OITA, Japan (Reuters) – France centre Sofiane Guitoune says the most important aspect of their preparation for Sunday’s World Cup quarter-final against Wales has been learning how to stop themselves “acting like idiots” when they are in positions of dominance.

Against Argentina and Tonga in their pool games, the French started well but ended up hanging on desperately and even against the United States they needed a late surge after a 12-0 lead was trimmed to 12-9 with 15 minutes to go.

Nobody in the camp either needs any reminding about what happened last time they faced Wales, in the opening game of this year’s Six Nations. They played superbly in difficult conditions to lead 16-0 at halftime in Paris, only for the Welsh to storm back and claim the 24-19 win that set them on the way to a Grand Slam.

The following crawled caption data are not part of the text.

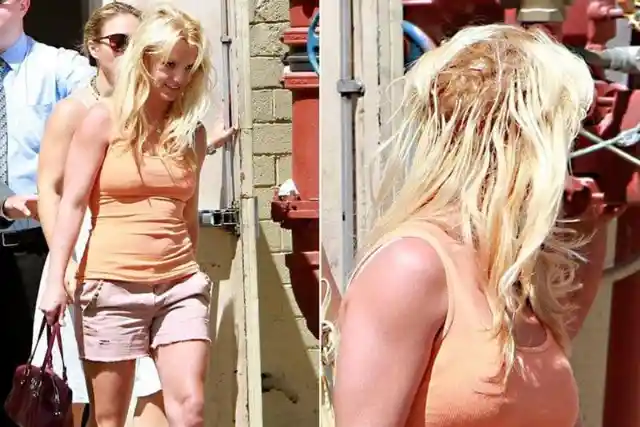 Bad Hair Day for Britney Spears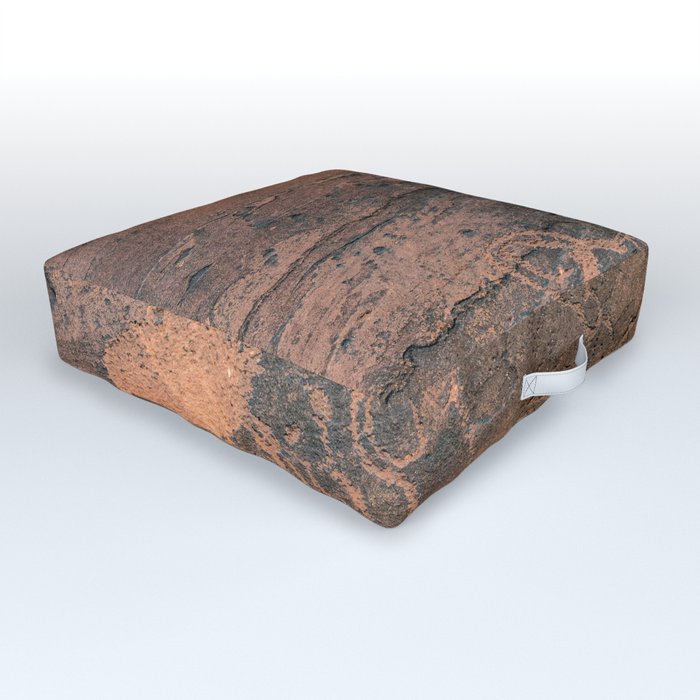 Desert Rock Art - Petroglyphs - II Outdoor Floor Cushion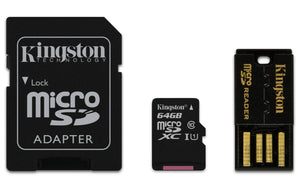 Kingston Digital Multi-Kit/Mobility Kit Flash Memory Card with Reader MBLY10G2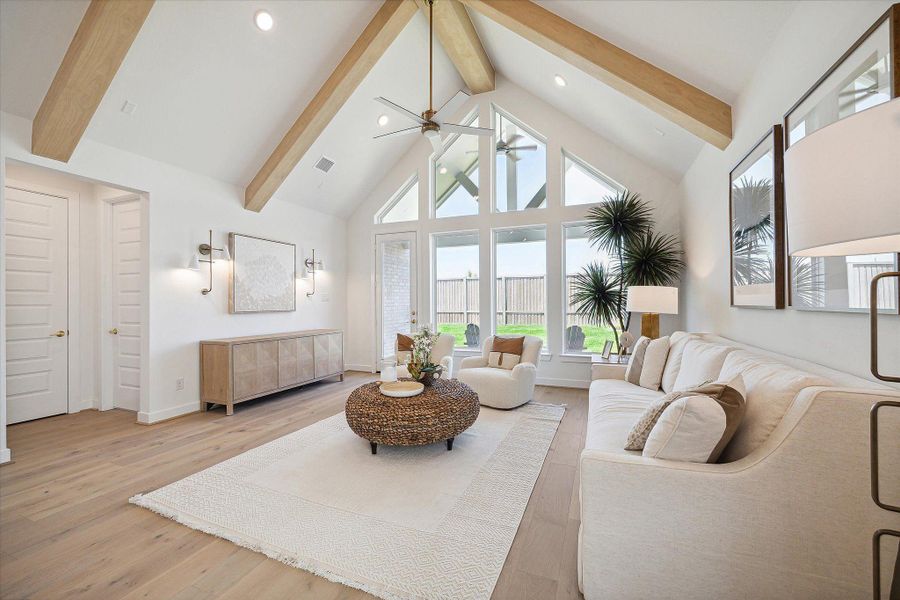 Furnished interior view inside a new home in The Trails, New Caney (Image 10).
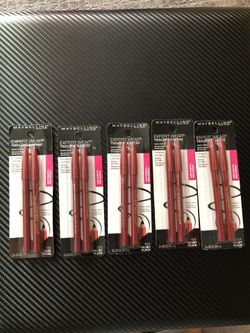 Maybelline New York Expert Wear Twin Brow & Eye Pencil~Velvet Black~$2 each (5 pack)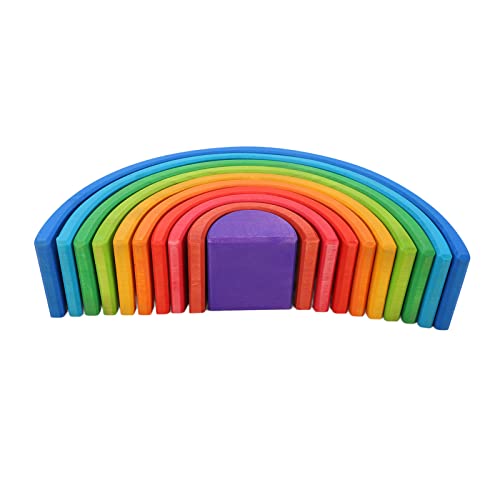 Acouto Holzstapel -Gebäude Spielzeugblöcke Halbkreisnisträtsel für Kleinkinder Frühe Bildung und Safe Create Paint Toy Grimms Holz ToysStacker Bausteine Acouto Holzstapel -Gebäude Spielzeugblöcke Halbkreisnisträtsel für Kleinkinder Frühe Bildung und Safe Create Paint Toy Grimms Holz ToysStacker Bausteine von Acouto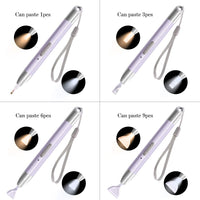 HOHOTIME - Pluma de taladro LED con luz de diamante 5D con 2 modos de luz, cabezales de pluma, estuche de almacenamiento para manualidades - Arteztik
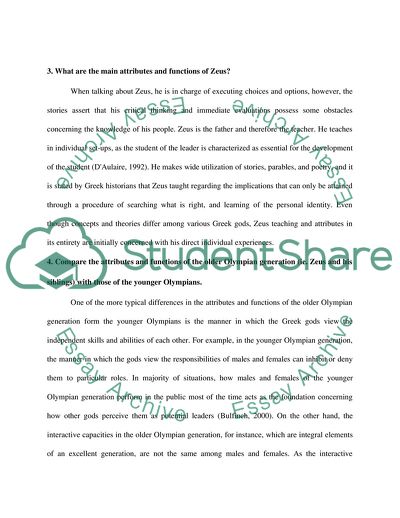 Myth in the Ancient World: Greek Mythology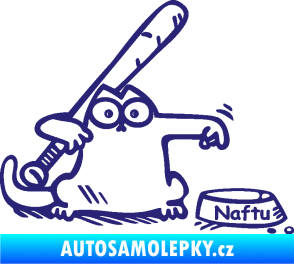 Samolepka Dolej naftu 002 pravá střední modrá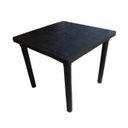 Ver imagem 2 de Kit 1 Mesa Preta Quadrada + 2 Cadeira Preta Bistrô 182kg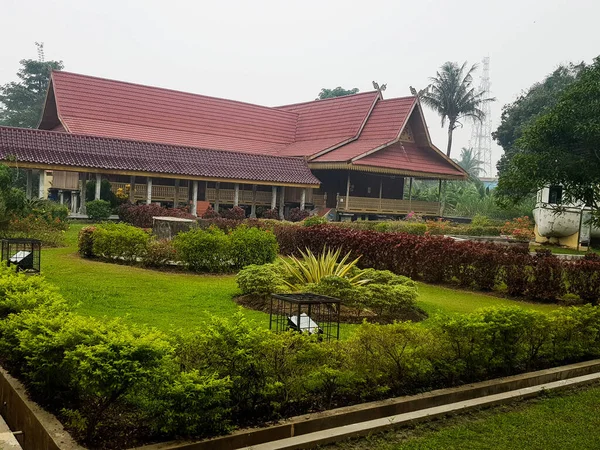 Riau Indonézia 2019 Októberében Siak Sri Indrapura Palota Atau Istana — Stock Fotó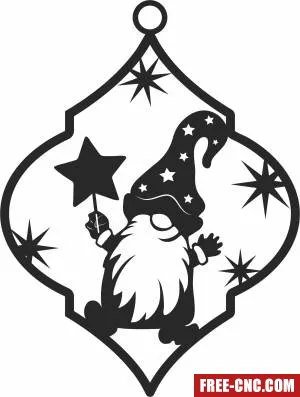 Gnome christmas ornament - Download free dxf for cnc plasma cutting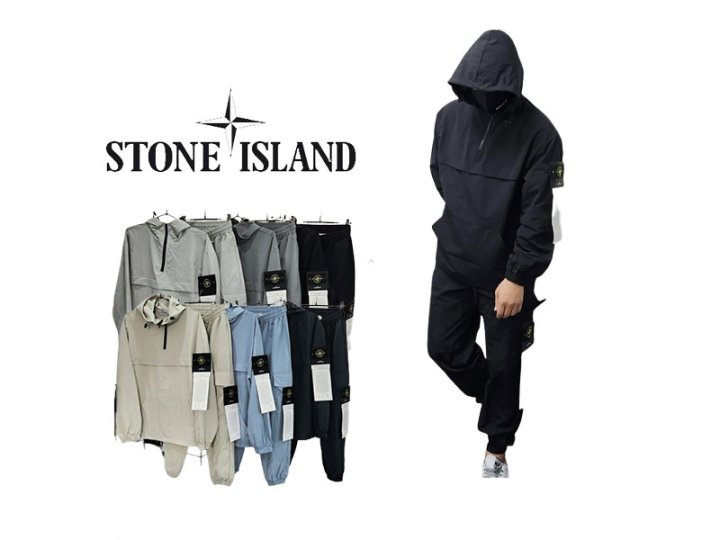 Stone Island 스톤아일랜드 와펜 후드 아노락 카고 세트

That made it seven wins out of eight in the fixture for Wales since France edged the 2011 World Cup semi-final by a point and there is a collective will in the French squad to stiffen their resolve for Sunday.

“In those pool matches, we took a quick lead and then the outcome always ends up the same,” Guitoune told a news conference on Tuesday.

“Perhaps because everything is going too well. I think it’s more in our heads than it is a structural problem.

“We’ve talked about it, reset our strategies so that when we start to act like idiots, to not respect the game plan, to panic for no reason, we can start off again on the front foot and not make ourselves afraid until the end of the match.”

France look better equipped now to deal with the Welsh attack, with new systems put in place by assistant coach Fabien Galthie.

“We are better set up to counter-attack and put Wales in difficulty and we’ve really worked on that, said fellow-centre Gael Fickou.

“Our speed will be the key to the match. The moments when we’ve been unsure, when we’ve slowed the game down, have been when we didn’t win our individual duels.”

Fickou said he had also been thinking about the one game they have won against Wales in the last eight years – the remarkable 2017 match where they eventually, and controversially, triumphed 20-18 when Camille Lopez converted Damien Chouly’s try in the 21st minute of stoppage time.

“It had been a long time since I’d felt emotion like that. That’s what you play for,” he said. “It was a fantastic feeling, with Chouly’s try which saved us all. It’s one of those great memories.”

France’s chances of a repeat on Sunday are likely to be considerably hampered if scrumhalf Antoine Dupont and winger Damian Penaud fail to make the team as both battle back from injuries.

Dupont has a back problem but Guitoune said he was “running like a rabbit” in training and was confident he would make Sunday’s match.

Penaud has an abdominal strain but is also expected to start.